Questione di accento

L’abbiamo studiata alle elementari.
Parlo della poesia di Gianni Rodari Como nel Comò. D’accordo, io sono un po’ più vecchio: non l’ho studiata, l’ho fatta studiare. Però è simpatica. Eccola qui:

Una volta un accento
per distrazione cascò
sulla città di Como
mutandola in comò.

Figuratevi i cittadini
Comaschi, poveretti:
detto e fatto si trovarono
rinchiusi nei cassetti.

Per fortuna uno scolaro
rilesse il componimento
e liberò i prigionieri
cancellando l’accento.

Ora ai giardini pubblici
han dedicato un busto
“A colui che sa mettere
gli accenti al posto giusto.”

Perché la cito?


Perché, cari studenti, da noi si fa di più. Non viene cambiato soltanto il destino di una città. No, si mette in discussione un’intera tradizione metafisica, si attaccano le fondamenta delle nostre certezze.
Ci son peccati veniali, come quando un “però” diventa “pero”. Se i frutti son buoni…
E ci son peccati mortali.

Lo aveva ben capito Agostino d’Ippona: anche quando mi inganno, sono sicuro di essere.
Lo aveva proclamato Cartesio: penso dunque sono. Una verità più salda della Rocca di Gibilterra.
Lo aveva riaffermato Immanuel Kant contro le fantasie di Hume. Un principio resta fermo: Io penso.

Secoli di filosofia, grandiosi monumenti del pensiero, vengono ora distrutti, con placida noncuranza, da uno studente distratto.
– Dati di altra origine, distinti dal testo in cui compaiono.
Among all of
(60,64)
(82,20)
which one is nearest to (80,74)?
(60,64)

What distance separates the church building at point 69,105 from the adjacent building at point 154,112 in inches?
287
Quando la certezza del “sé” viene spazzata via dalle nebbie del “se”, che cosa resta ancora di intatto?
Se neppure della nostra identità siamo più certi, a che cosa potremo aggrapparci?

Non siete convinti?
Dirò qualcosa di più semplice: chi per primo non è sicuro di sé, rischia di esser travolto dai se.

C’è speranza?
Il rimedio è semplice: basta mettere gli accenti al posto giusto.